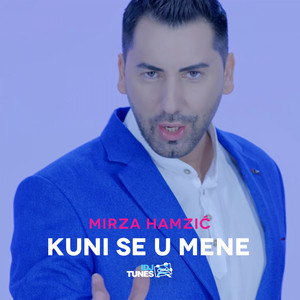 Mirza Hamzic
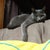 do_su_0805 さん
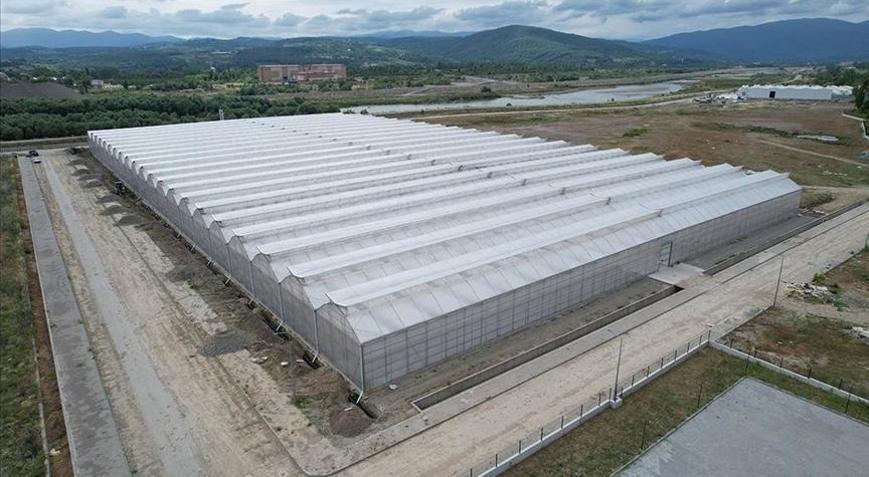 Zonguldaktaki sera organize tarım bölgesi ekonomiye yıllık 750 milyon lira katkı verecek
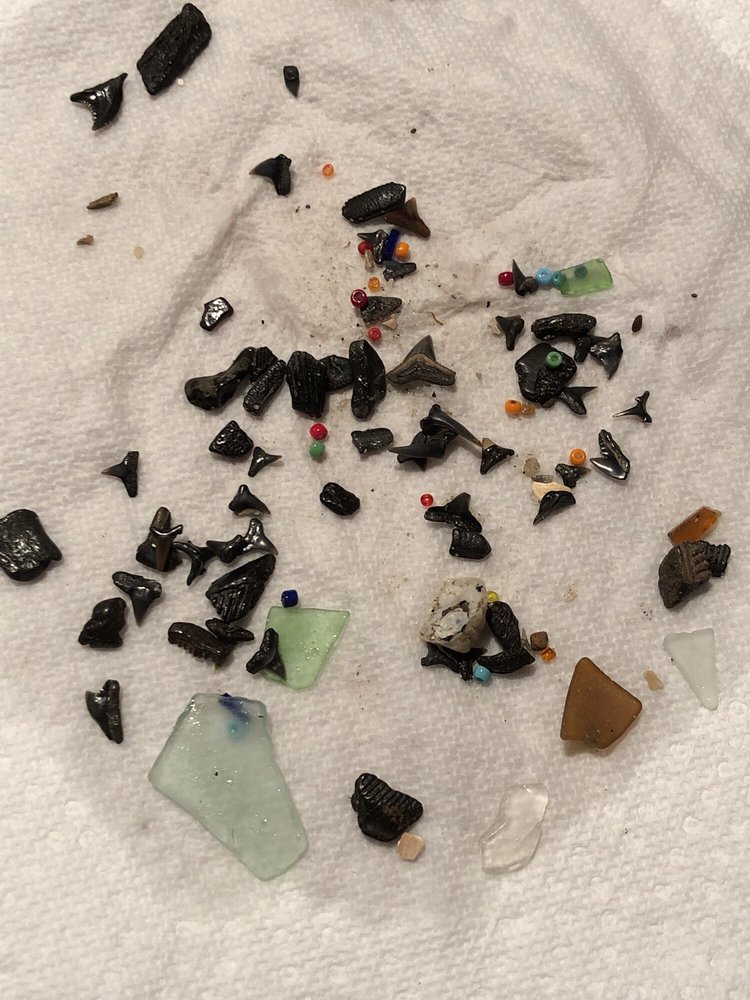 BAYFRONT PARK 57 Photos & 31 Reviews Beaches Brownies Beach Rd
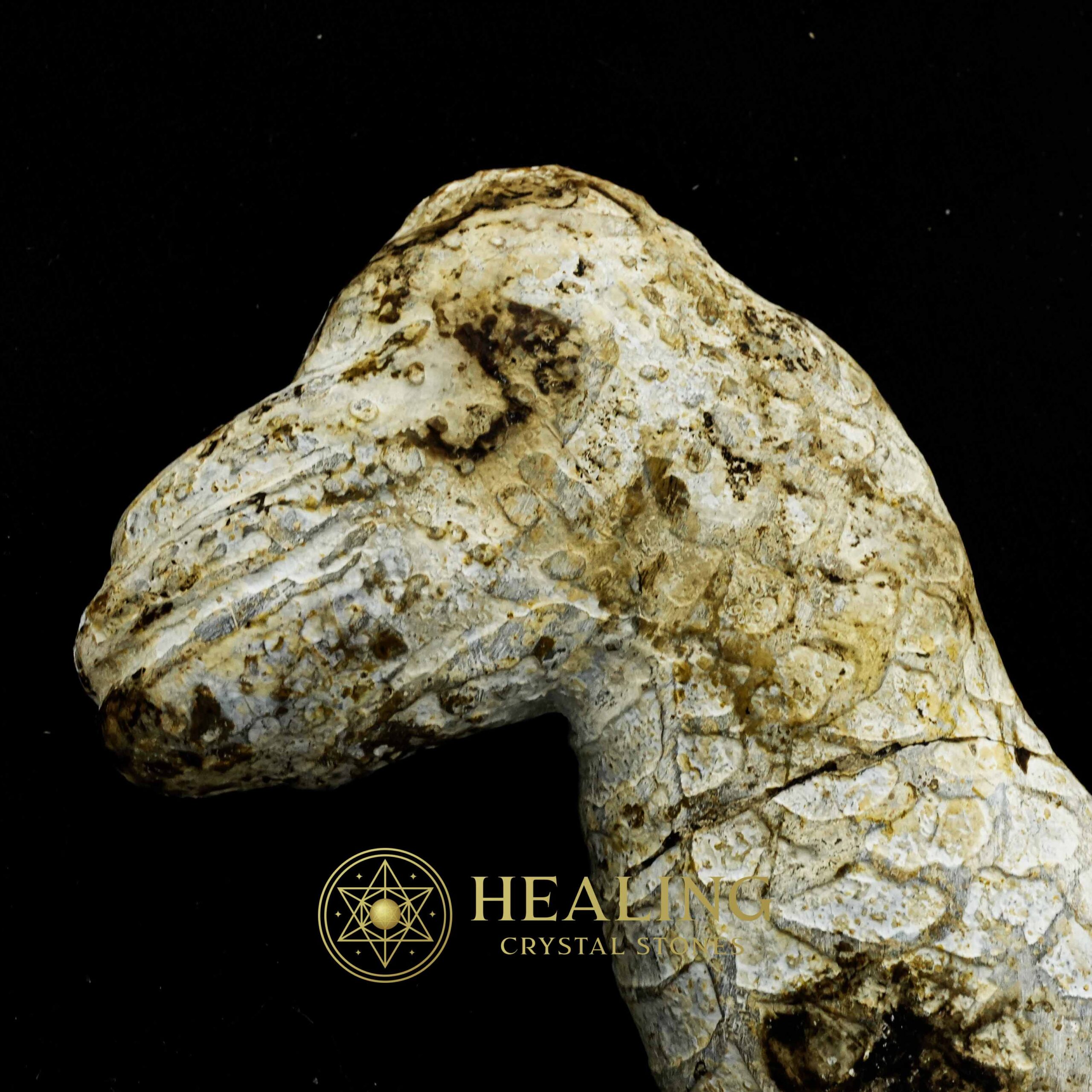 Javanese Dragon Stone - Type C4 - Healing Crystals, Crystal Stones, Amulet stones, Ritual Power Stones, Mustika Pearls, Sacred Stones, Spiritual Crystals, magical, metaphysics, artifact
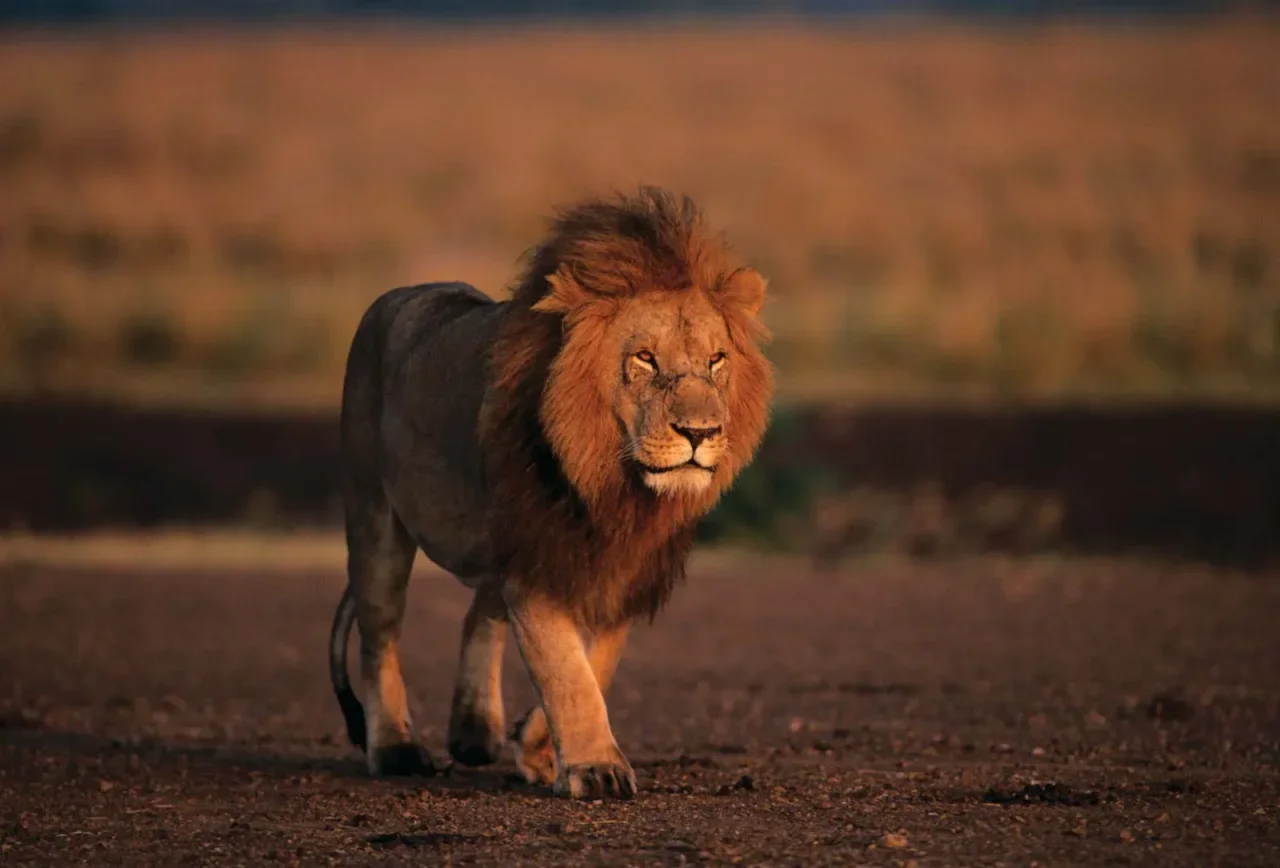 lion-Kenya-Masai-Mara-National-Reserve.webp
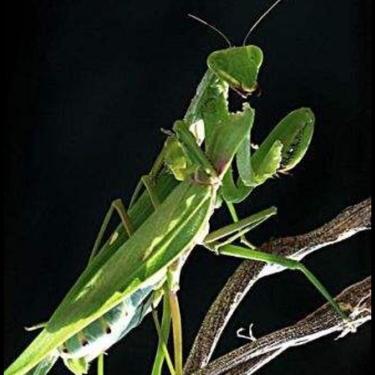 雌螳螂和雄螳螂谁体型大,雌性螳螂为什么会吃掉雄性螳螂呢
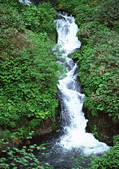 tkf001_123527
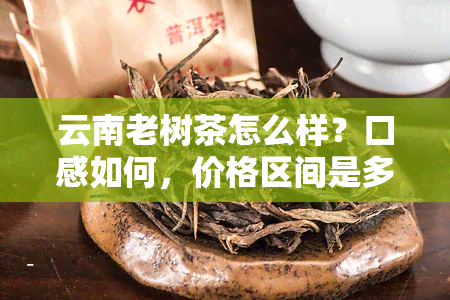 云南老树茶怎么样？口感如何，价格区间是多少？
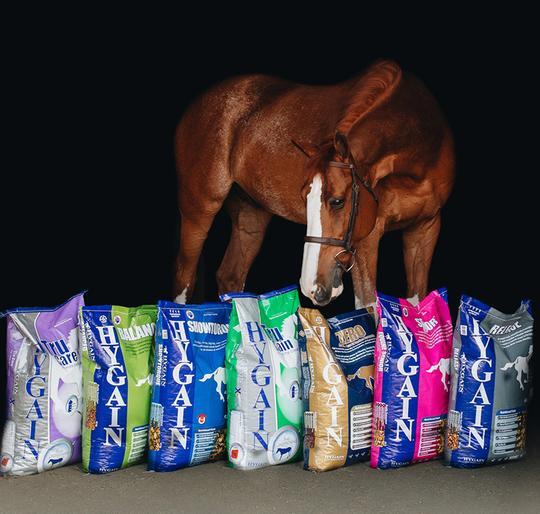 Horse Inspecting Bags of Feed — Stockfeed Specialists in Noosa Shire, QLD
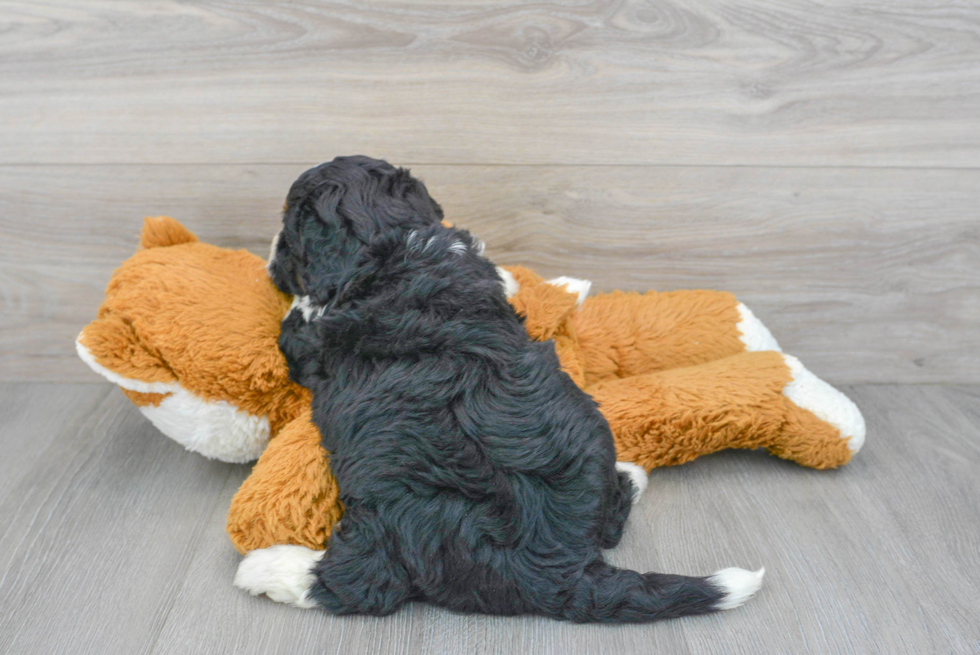 Mini Bernedoodle Pup Being Cute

----------------------------------------

» **Assigned task**
Write out again, exactly, only the lines from the beginning of the material above to the line that holds "BAYFRONT PARK 57", both ends included, and no pictures.

» **Solution to this task**
 Mirza Hamzic
 do_su_0805 さん
 Zonguldaktaki sera organize tarım bölgesi ekonomiye yıllık 750 milyon lira katkı verecek
 BAYFRONT PARK 57 Photos & 31 Reviews Beaches Brownies Beach Rd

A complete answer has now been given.